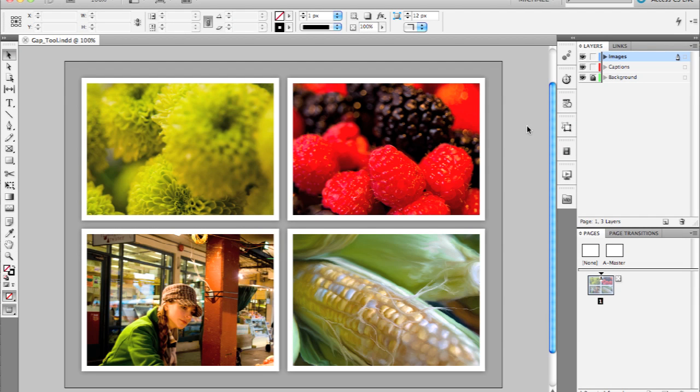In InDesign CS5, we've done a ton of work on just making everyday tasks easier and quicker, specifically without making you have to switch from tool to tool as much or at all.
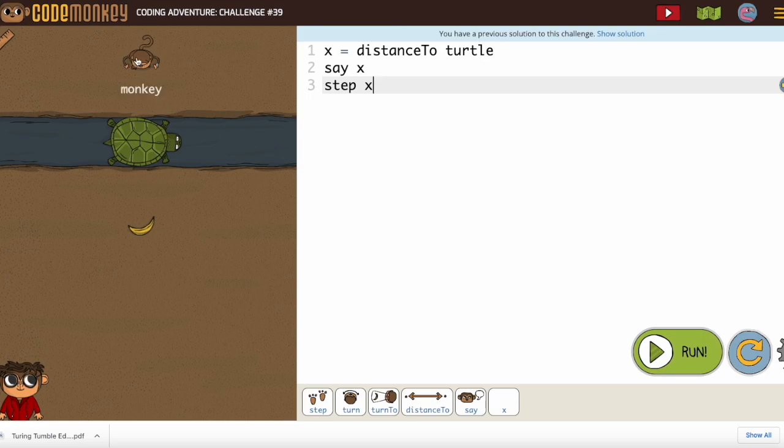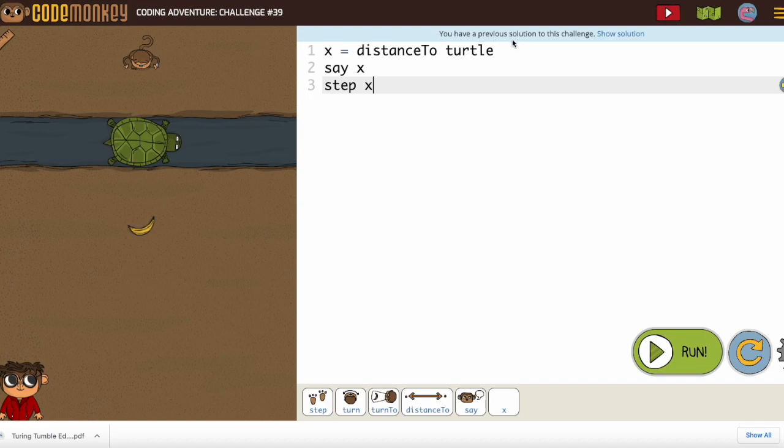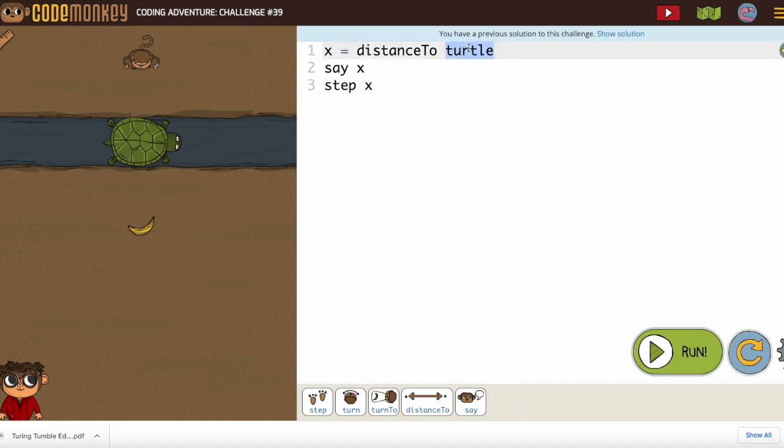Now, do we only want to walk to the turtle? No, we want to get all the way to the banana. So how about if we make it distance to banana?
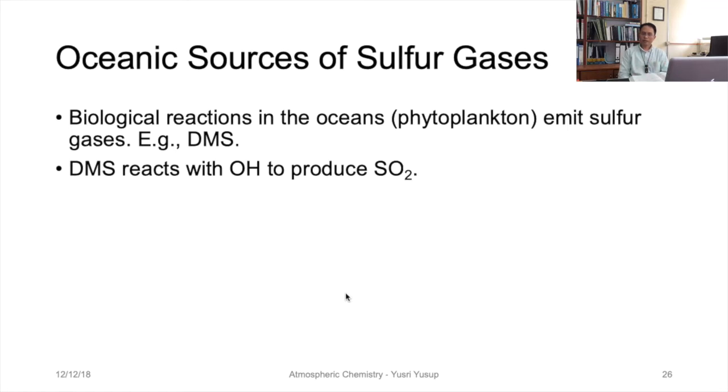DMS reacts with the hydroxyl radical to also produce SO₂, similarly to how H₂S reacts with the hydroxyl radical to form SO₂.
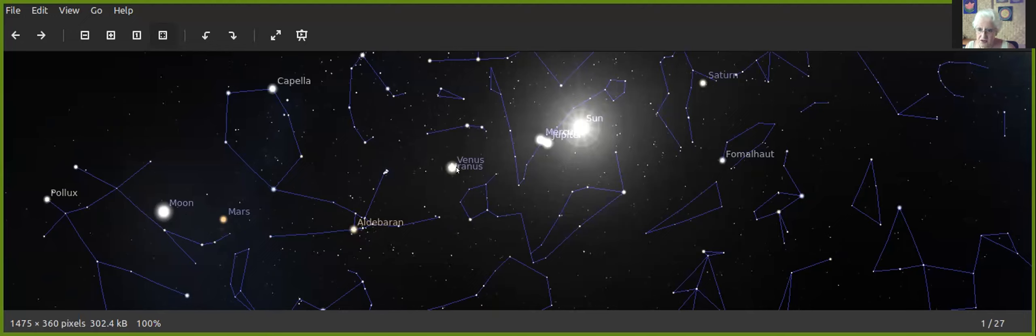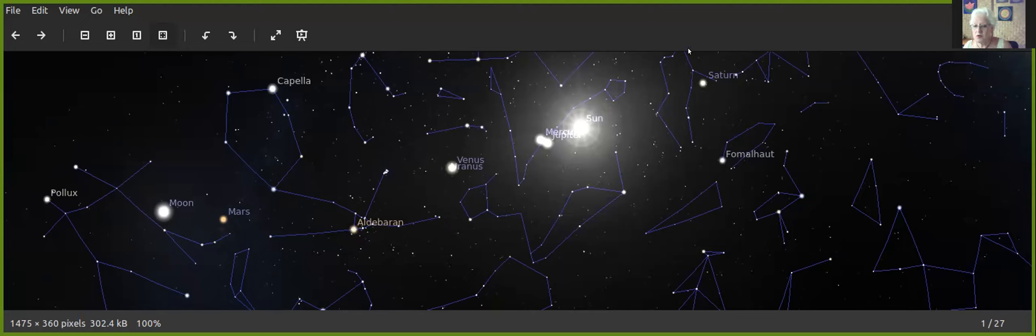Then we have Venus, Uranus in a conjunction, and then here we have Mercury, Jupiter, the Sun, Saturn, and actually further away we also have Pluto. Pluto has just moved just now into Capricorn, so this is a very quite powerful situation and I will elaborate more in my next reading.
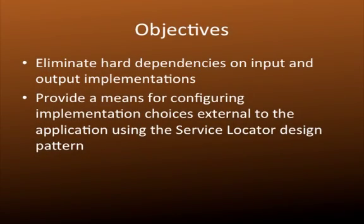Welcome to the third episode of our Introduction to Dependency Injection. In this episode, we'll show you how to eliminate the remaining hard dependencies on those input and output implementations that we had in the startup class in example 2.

*-*-*

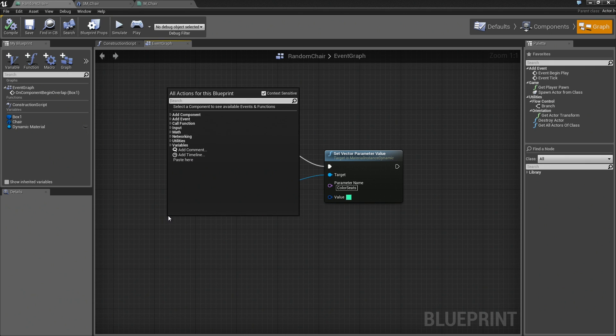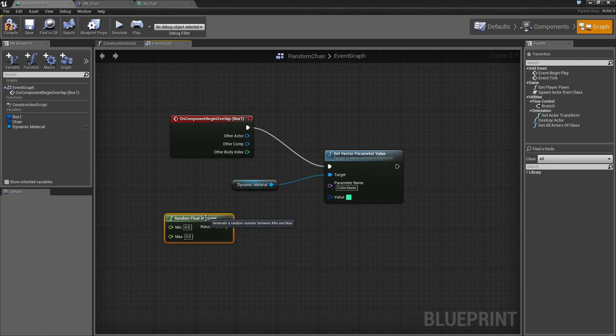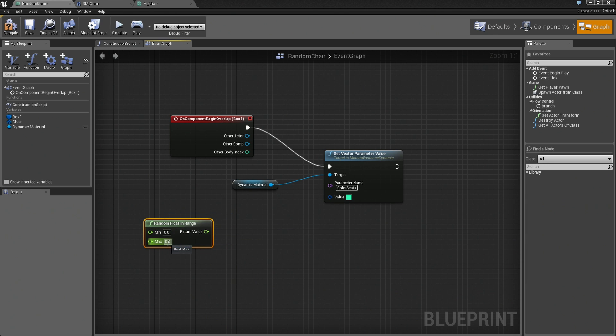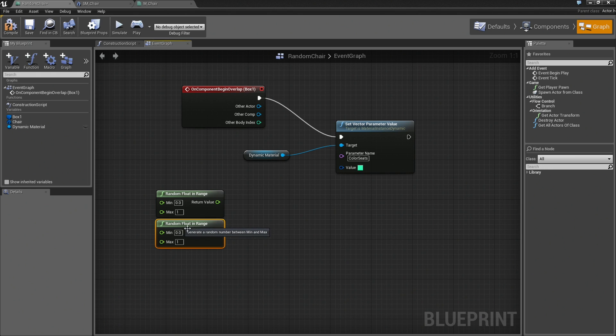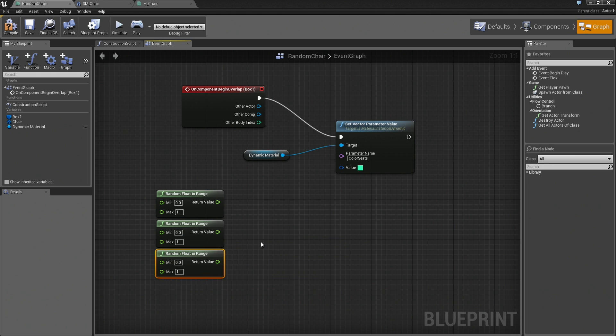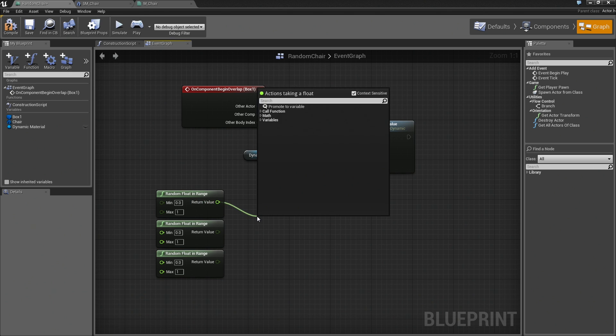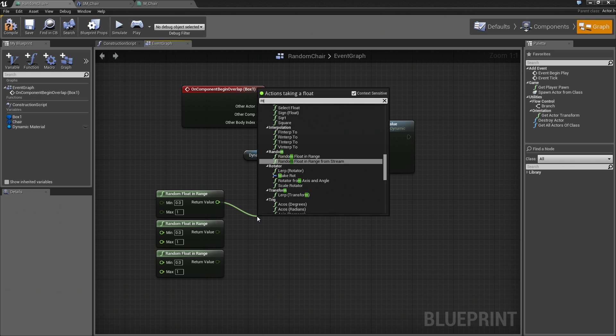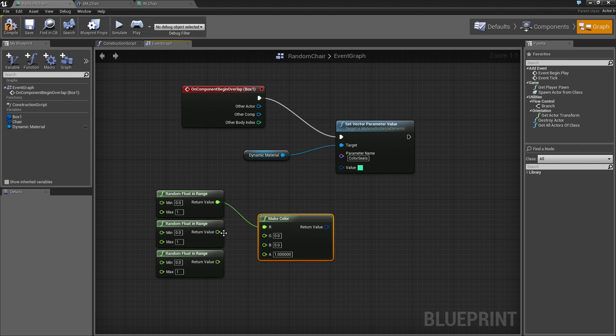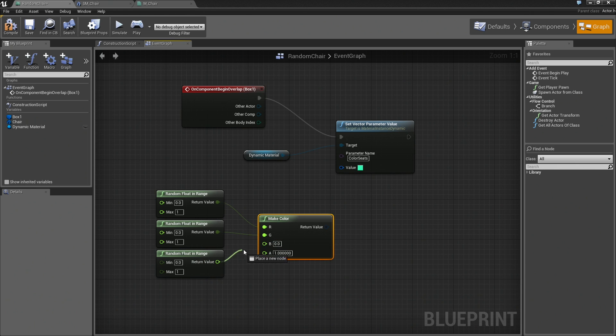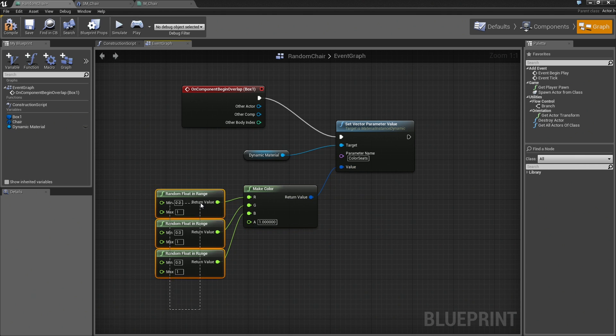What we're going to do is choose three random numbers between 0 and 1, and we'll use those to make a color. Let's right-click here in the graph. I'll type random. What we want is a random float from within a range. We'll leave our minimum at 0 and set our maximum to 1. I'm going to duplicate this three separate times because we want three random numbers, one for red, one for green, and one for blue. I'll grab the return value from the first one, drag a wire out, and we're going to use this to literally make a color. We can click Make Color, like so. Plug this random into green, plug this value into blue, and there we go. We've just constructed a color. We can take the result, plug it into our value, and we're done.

*-*-*

What to do: Please output, exactly as written, the lines above from the one holding "DMS reacts with" through the one holding "Welcome to the", both included, with the pictures omitted.

Answer section:
DMS reacts with the hydroxyl radical to also produce SO₂, similarly to how H₂S reacts with the hydroxyl radical to form SO₂.
Then we have Venus, Uranus in a conjunction, and then here we have Mercury, Jupiter, the Sun, Saturn, and actually further away we also have Pluto. Pluto has just moved just now into Capricorn, so this is a very quite powerful situation and I will elaborate more in my next reading.
Welcome to the third episode of our Introduction to Dependency Injection. In this episode, we'll show you how to eliminate the remaining hard dependencies on those input and output implementations that we had in the startup class in example 2.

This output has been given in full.